Queda nas Exportações Brasileiras para os EUA em Maio e Aumento nas Vendas para a China
As exportações do Brasil para os Estados Unidos sofreram uma significativa redução de 14% em maio de 2026 em relação ao mesmo mês do ano anterior, conforme divulgado pelo Ministério do Desenvolvimento, Indústria, Comércio e Serviços (Mdic). Essa diminuição nas vendas se alinha a uma tendência observada desde a implementação das tarifas comerciais pelo governo de Donald Trump em agosto do ano passado.
Análise das Exportações
Herlon Brandão, diretor de Estatísticas e Estudos de Comércio Exterior do Mdic, ressaltou que, apesar da queda expressiva, não há evidências suficientes que indiquem uma mudança estrutural nas relações comerciais entre Brasil e Estados Unidos. Brandão observou que o comércio exterior é um processo gradual, e fatores como a composição dos produtos exportados e a demanda global influenciam as flutuações.

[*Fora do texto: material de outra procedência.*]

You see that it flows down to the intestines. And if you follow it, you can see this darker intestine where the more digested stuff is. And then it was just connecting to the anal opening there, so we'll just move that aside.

Desempenho do Comércio Bilateral
Dados mais recentes da Secretaria de Comércio Exterior (Secex) revelam que o comércio bilateral entre Brasil e EUA perdeu força em maio. As exportações somaram US$ 3,09 bilhões, enquanto as importações totalizaram US$ 3,21 bilhões, resultando em um déficit comercial de US$ 121 milhões. No acumulado de janeiro a maio de 2026, as exportações para os EUA caíram 16%, totalizando US$ 14,01 bilhões, e as importações apresentaram uma redução de 12,6%, alcançando US$ 15,48 bilhões.

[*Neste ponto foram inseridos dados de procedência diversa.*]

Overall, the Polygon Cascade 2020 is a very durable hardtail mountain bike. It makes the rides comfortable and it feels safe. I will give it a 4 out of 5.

Ascensão da China como Principal Destino
Enquanto as exportações para os Estados Unidos declinam, a China se destaca como o principal destino das vendas brasileiras. Em maio, as exportações para o país asiático cresceram 9,5%, atingindo US$ 10,5 bilhões, com um aumento de 24,2% nas importações, que somaram US$ 6,8 bilhões. Esse desempenho resultou em um superávit comercial de US$ 3,7 bilhões no mês.
Impacto do Conflito no Oriente Médio
Brandão também destacou que o conflito no Oriente Médio teve um impacto significativo nas exportações de combustíveis brasileiros. As exportações de óleos combustíveis cresceram 75,2% em volume e 49,8% em valor em maio, impulsionadas pela alta dos preços internacionais. No entanto, o Brasil enfrentou uma queda de 9,3% no valor e 42,1% no volume de petróleo bruto exportado, o que Brandão atribui a fatores pontuais, e não ao imposto de exportação recém-implementado.
Saldo Comercial Positivo
No acumulado dos primeiros cinco meses de 2026, o Brasil obteve um superávit comercial de US$ 32,662 bilhões, superando os US$ 24,33 bilhões registrados no mesmo período do ano anterior. Esse resultado é atribuído, em grande parte, ao aumento das exportações para a China e ao bom desempenho dos produtos relacionados ao setor de energia e às commodities.
Conclusão
A queda nas exportações brasileiras para os Estados Unidos em maio de 2026 reflete uma tendência observada nos últimos meses, influenciada por tarifas comerciais e outros fatores econômicos. Enquanto isso, a China se fortalece como um parceiro comercial essencial, evidenciando mudanças nas dinâmicas do comércio exterior brasileiro. O superávit comercial crescente sugere uma resiliência das exportações, principalmente em setores estratégicos como energia e commodities.